AIM OF THE EXERCISE.
Reproduce the data that follows character for character, but omit its pictures.

PROVIDED DATA.
━━━━━━━━

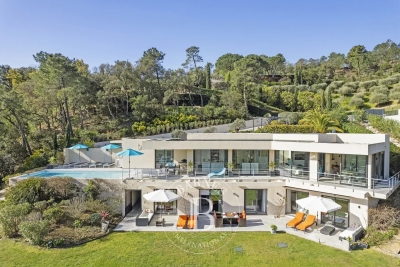 House to rent in GRIMAUD Grimaud - 5 rooms - 340 m&sup2; 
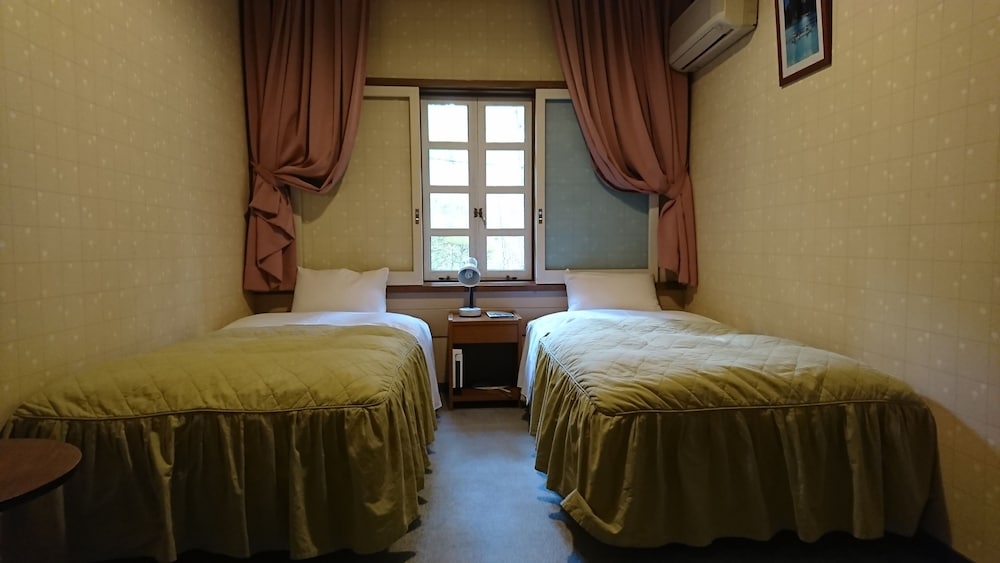 Фото Pension Maple Leaf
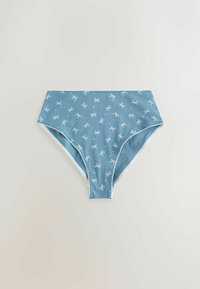 Lyseblå højtaljede bikini bund med et hvidt båndmønster og kontrasterende hvid kant langs kanterne. Blødt materiale, glat tekstur.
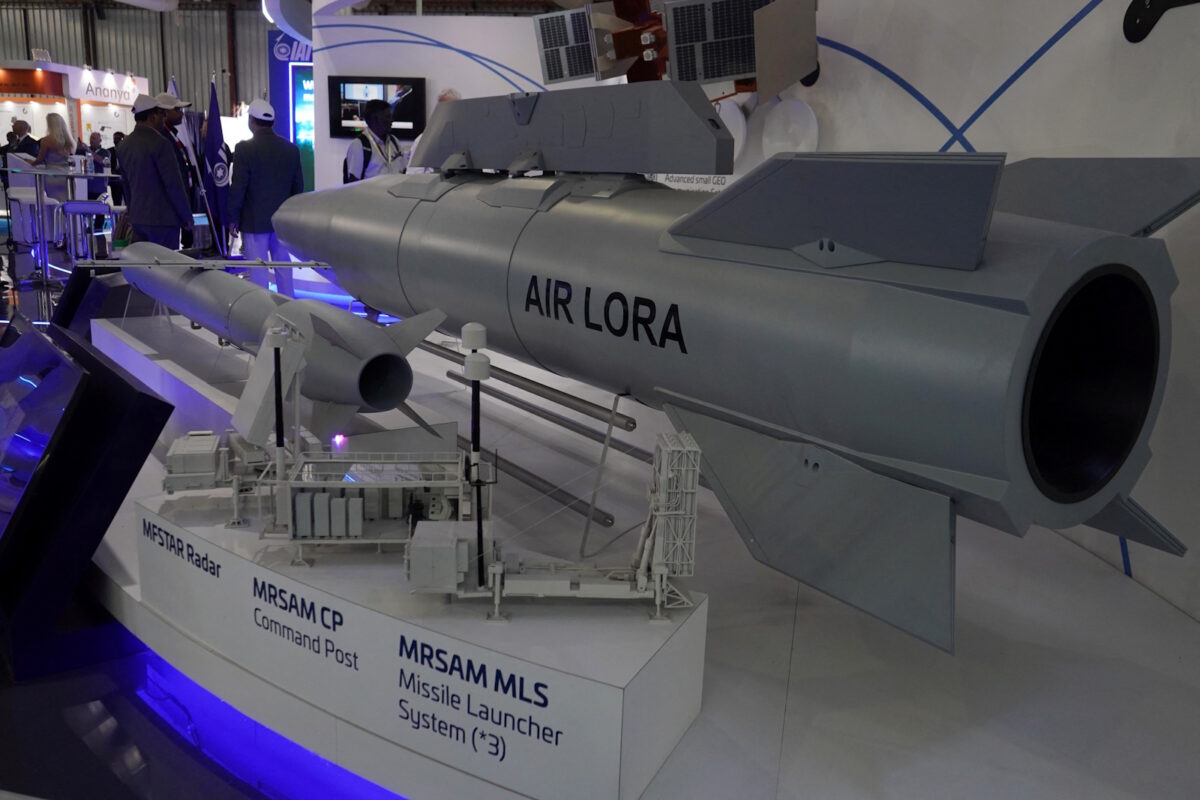 Βαλλιστικός πύραυλος αέρος - εδάφους τύπου Air Lora και ισραηλινός πύραυλους cruise αέρος - εδάφους τύπου Wind Demon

━━━━━━━━

WORKED SOLUTION.
 House to rent in GRIMAUD Grimaud - 5 rooms - 340 m&sup2; 
 Фото Pension Maple Leaf
 Lyseblå højtaljede bikini bund med et hvidt båndmønster og kontrasterende hvid kant langs kanterne. Blødt materiale, glat tekstur.
 Βαλλιστικός πύραυλος αέρος - εδάφους τύπου Air Lora και ισραηλινός πύραυλους cruise αέρος - εδάφους τύπου Wind Demon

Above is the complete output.